RE: [PATCH] tools: memory-model: Add rmw-sequences to the LKMM

From: Jonas Oberhauser
Date: Wed Nov 16 2022 - 09:06:04 EST

Next message: Lee Jones: "Re: [PATCH v7 4/6] mfd: tps65219: Add driver for TI TPS65219 PMIC"
Previous message: Uwe Kleine-König: "Re: [PATCH 3/4] pwm: Mark free pwm IDs as used in alloc_pwms()"
Messages sorted by: [ date ] [ thread ] [ subject ] [ author ]

> -----Original Message-----
> From: Paul E. McKenney [mailto:paulmck@xxxxxxxxxx]
> Sent: Wednesday, November 16, 2022 5:59 AM
> > On Tue, Nov 15, 2022 at 11:13:12AM -0500, Alan Stern wrote:
> > > On Tue, Nov 15, 2022 at 02:05:39PM +0000, Jonas Oberhauser wrote:
> > > So I would change the wording to "Viktor has pointed out a weakness
> > > in the Linux Kernel Memory Model."
> >
> > People will wonder who Viktor is. I don't have his full name or email
> > address. In fact, shouldn't he have been CC'ed during this entire
> > discussion?
>
> [...] I defer to Jonas on CCing, just in case Viktor needs to be provided context on this discussion.

When I noticed Viktor wasn't in CC I asked him in person if we should add him,
but he said it's not necessary. I think he is too busy to catch up with the
complete discussion anyways.

I gave him a brief summary of our discussions so far though.

> > > +let rmw-sequence = (rf ; rmw)*
> >
> > I would perhaps suggest to only consider external read-from in
> > rmw-sequences, as
> > below:
> > +let rmw-sequence = (rfe ; rmw)*
>
> We discussed the matter earlier, and I don't recall any mention of
> this objection.

Is it possible that you did not receive some messages I sent?
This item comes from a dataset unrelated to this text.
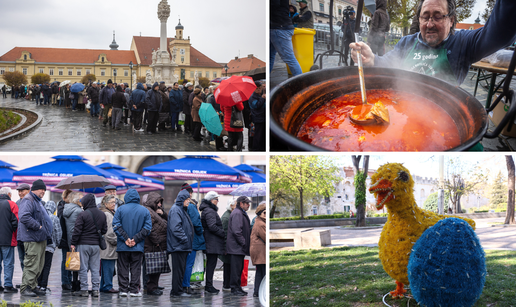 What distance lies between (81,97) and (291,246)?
11897 millimetres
I mentioned it at
least twice (and I just double checked that I didn't accidentally drop you from
CC -- one of them from 9/30 including the string "C arm-behavior" if you want to
search).
Paul McKenney says some of my messages frequently land in his spam folder... :(
-- which doesn't say anything positive about my messaging patterns I suppose :P

> > > I don't think such a future architecture is likely since I don't
> > > expect there to be any practical performance impact. At the same
> > > time I also don't currently see any advantage of the stricter model.
> > >
> > > For this reason I would slightly prefer the more relaxed model.
> >
> > I don't see any point in worrying about hypothetical future
> > architectures that might use a questionable design.

I usually would agree and not use as an argument absurd designs I might imagine.
Now I'm personally definitely not aware of any specific aims to implement such a
design, but the reason I brought it up was that this kind of design is not my
invention either; as I had (perhaps incorrectly) remembered someone had told me
there was concrete interest in doing a design along these lines and hence the
C11 definition of data races might need to be weakened.

A quick google search only turns up the following C11 proposal (+ its ancestors)
https://www.open-std.org/jtc1/sc22/wg21/docs/papers/2018/p0982r1.html
which only considers relaxing the store part of the release sequence definition
(but keeps the RMW part like in the proposal you have given), and they don't
mention specific hardware optimizations that might necessitate such a change.

(They do mention specifically compiler optimizations that might do such a merge,
which is of no direct relevance to LKMM (since all rmw accesses are compiler
barriers, this kind of optimization can not happen in Linux anyways).
They also raise a concern about how adding another thread creates some weird
behavior with C11 release sequences, but that concern is also not relevant to
RMWs.)

So on third/fourth thought it's entirely possible that I just misremembered the
details, and perhaps this design was just given to me by someone trying to
explain to me why people might be concerned that this kind of definition might
needlessly restrict some design space of architects.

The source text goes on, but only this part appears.